■ **Data records**:
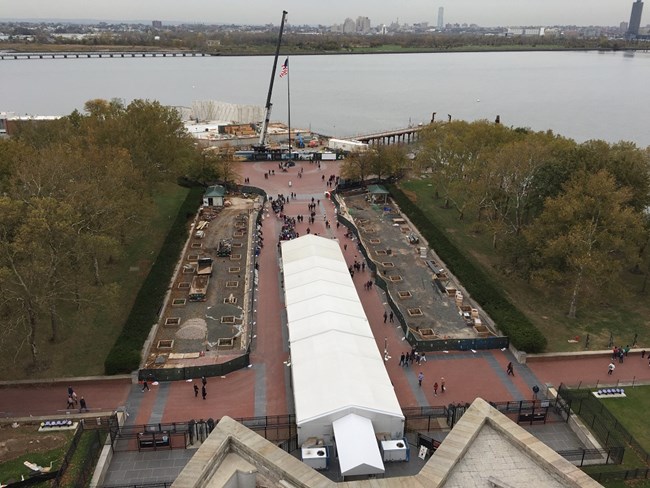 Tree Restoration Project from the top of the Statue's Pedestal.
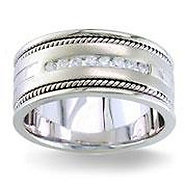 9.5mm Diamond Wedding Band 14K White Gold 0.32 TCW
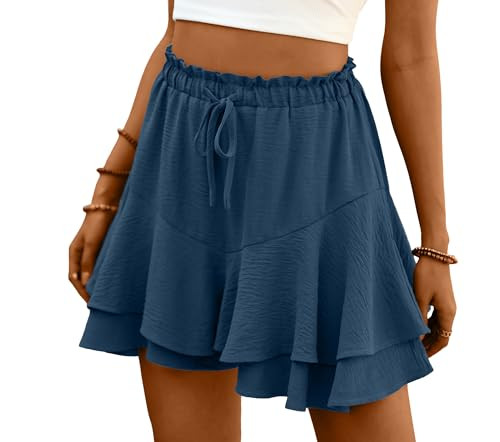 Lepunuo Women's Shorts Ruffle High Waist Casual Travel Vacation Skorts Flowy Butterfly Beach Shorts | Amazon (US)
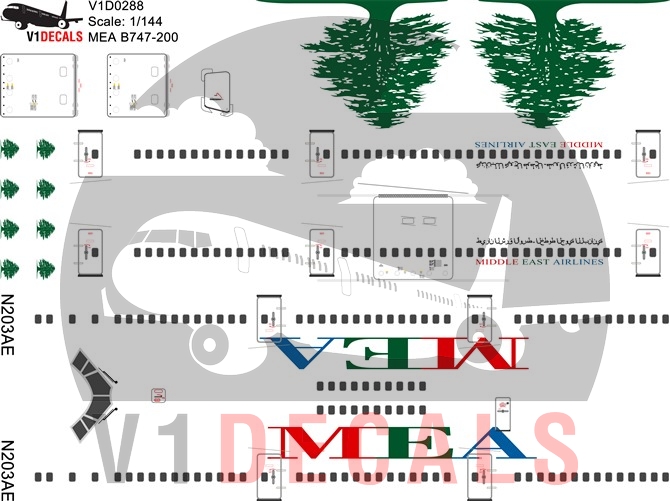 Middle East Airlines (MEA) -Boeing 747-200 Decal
...
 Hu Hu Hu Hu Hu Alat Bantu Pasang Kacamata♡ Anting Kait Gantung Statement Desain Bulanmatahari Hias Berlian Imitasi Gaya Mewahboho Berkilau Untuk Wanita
--
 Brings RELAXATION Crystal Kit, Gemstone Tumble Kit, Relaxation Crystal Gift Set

■ **Work item**: Among the entries above, take the lines from the one with "Tree Restoration Project" through the one with "Middle East Airlines" and retype them exactly, leaving out the pictures.

■ **Solution below**:
 Tree Restoration Project from the top of the Statue's Pedestal.
 9.5mm Diamond Wedding Band 14K White Gold 0.32 TCW
 Lepunuo Women's Shorts Ruffle High Waist Casual Travel Vacation Skorts Flowy Butterfly Beach Shorts | Amazon (US)
 Middle East Airlines (MEA) -Boeing 747-200 Decal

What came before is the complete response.